激しいぶつかり合いが好きな方には極上のリーグだと思いますが、選手は大変そうですね。怪我も多いようですし、フィジカルの強い選手が重宝されるのかなと思います。当然、フランスの選手が多いので、トップリーグと同じようにフランス代表の強化に繋がる部分もあるとは思いますが、BKはトップリーグやスーパーラグビー程の活躍の場が無く、キックの応酬と何回かあるトライの決定シーンくらいでしょうか。サントリーからFB松島幸太朗がASMクレルモン・オーヴェルニュに移籍しますが、彼のように既に一級のスピードを持っているBKであれば、フィジカルバトルの経験値を上げるためには、良い環境かもしれません。

とは言え、前半はある程度の精度の高い肉弾戦になりますが、後半、疲れてきてからはミスの応酬ともなるので、トップリーグやスーパーラグビーを見慣れてしまうと、後半40分を観るのは辛いかもしれません。
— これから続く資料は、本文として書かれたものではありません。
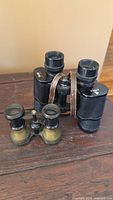 Two vintage binoculars on a wooden surface, larger black Birks 7x35 with leather strap and smaller metal Perfection Glass binoculars, side view.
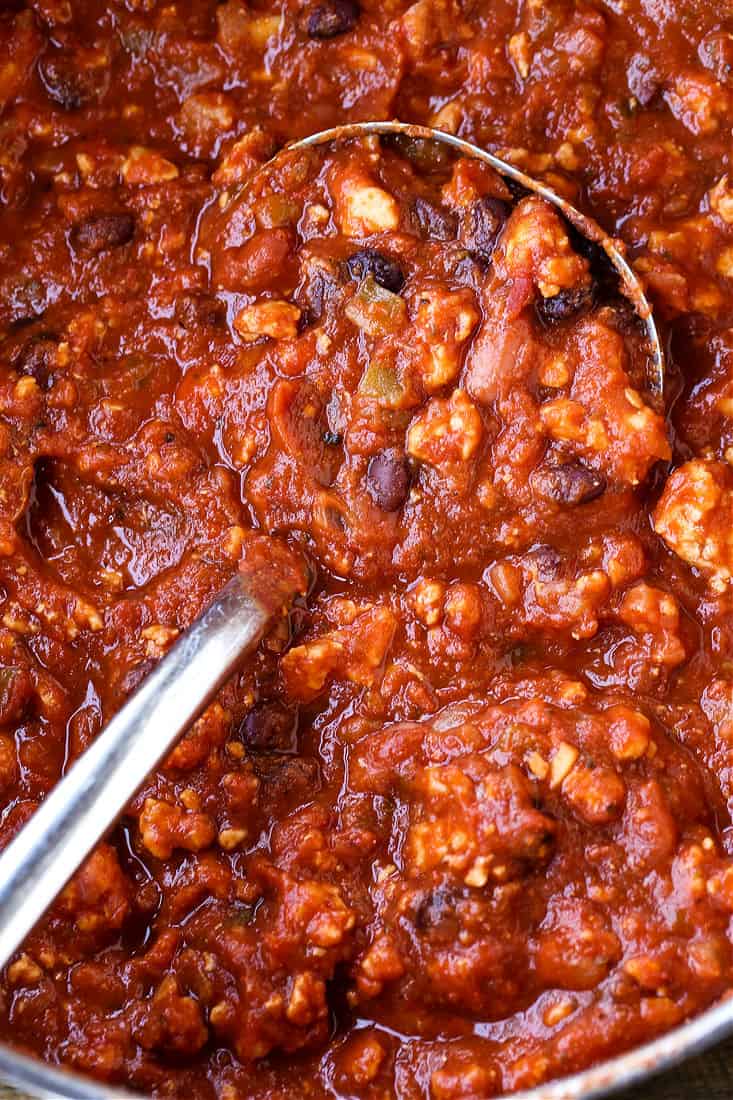 Chicken chili in a pot with ladle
週に一試合くらいがちょうど良いかなと思います。第16節はトゥーロンの試合となりますが、以前ほどの銀河系軍団ぽさは今はありません。ソニー・ビル・ウィリアムズが所属していた頃、またその後ジョニー・ウィルキンソンがキャプテンをしていた頃などは、名前だけで圧倒できるラインナップでした。チームとしての完成度はあの頃よりも高まってるかもしれませんね。同じくCSテレ朝チャンネル2での放送となります。